Disclaimer: This post has nothing to do with previous post mentioning MaybeInvalid.

Unsafe code guidelines contains a deliberate UB section mentioning the SeqLock issue, i.e. SeqLock algorithm isn’t compatible with Rust memory model. In fact, SeqLock relies on a racy read, which is known to be valid only after a subsequent check.

The document mentions two possible solutions:

  • (a) adopt LLVM's handling of memory races (then the problematic read would merely return undef instead of UB due to a data race)
  • (b) add bytewise atomic memcpy and using that instead of the non-atomic volatile load.

There is currently a RFC opened about solution (b). I would like to explore a path closer to solution (a).

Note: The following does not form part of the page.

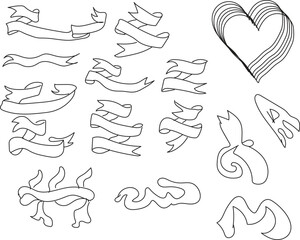 Collection of hand drawn ribbons and a heart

It would be materialized by the following types/functions:

// in core::mem
#[lang = "maybe_invalid"]
#[derive(Copy)]
#[repr(transparent)]
pub union MaybeInvalid<T> {
    invalid: (),
    value: ManuallyDrop<T>,
}

impl<T> MaybeInvalid<T> {
    pub fn assume_valid(self) -> T { /* .. */ }
}

// in core::ptr
pub unsafe fn read_maybe_invalid<T>(ptr: *const T) -> MaybeInvalid<T> { /* .. */ }

Concretely, it would mean to defer the UB of a racy read to MaybeInvalid::assume_valid call. SeqLock implementation would then become:

pub struct SeqLock<T> {
    seq: AtomicUsize,
    data: UnsafeCell<T>,
}

unsafe impl<T: Copy + Send> Sync for SeqLock<T> {}

impl<T> SeqLock<T> {
    /// Safety: Only call from one thread.
    pub unsafe fn write(&self, value: T) {
        self.seq.fetch_add(1, Relaxed);
        fence(Release);
        unsafe { ptr::write(self.data.get(), value) }
        self.seq.fetch_add(1, Release);
    }

    pub fn read(&self) -> T {
        loop {
            let s1 = self.seq.load(Acquire);
            let data = unsafe { ptr::read_maybe_invalid(self.data.get()) };
            fence(Acquire);
            let s2 = self.seq.load(Relaxed);
            if s1 & 1 == 0 && s1 == s2 {
                return unsafe { data.assume_valid() };
            }
        }
    }
}

For SeqLock, MaybeInvalid::assume_valid would be called after ensuring there was no data race. Compared to RFC 3301, I see the following advantages:

  • The API is simpler: one type, one method, one function.
  • It doesn't reuse MaybeUninit, as initialization is not the issue here, avoiding confusion.
  • Writes remain non-racing plain writes, so assume_valid cannot return torn values. This is in my opinion the biggest advantage, as it removes an entire class of problems (for example the Drop issue of RFC 3301).
  • The semantic is closer of what SeqLock algorithm is built on: a read which may be invalid, and is assumed valid after an atomic check.
  • This model is de facto already supported by LLVM, so there would be no change on this side.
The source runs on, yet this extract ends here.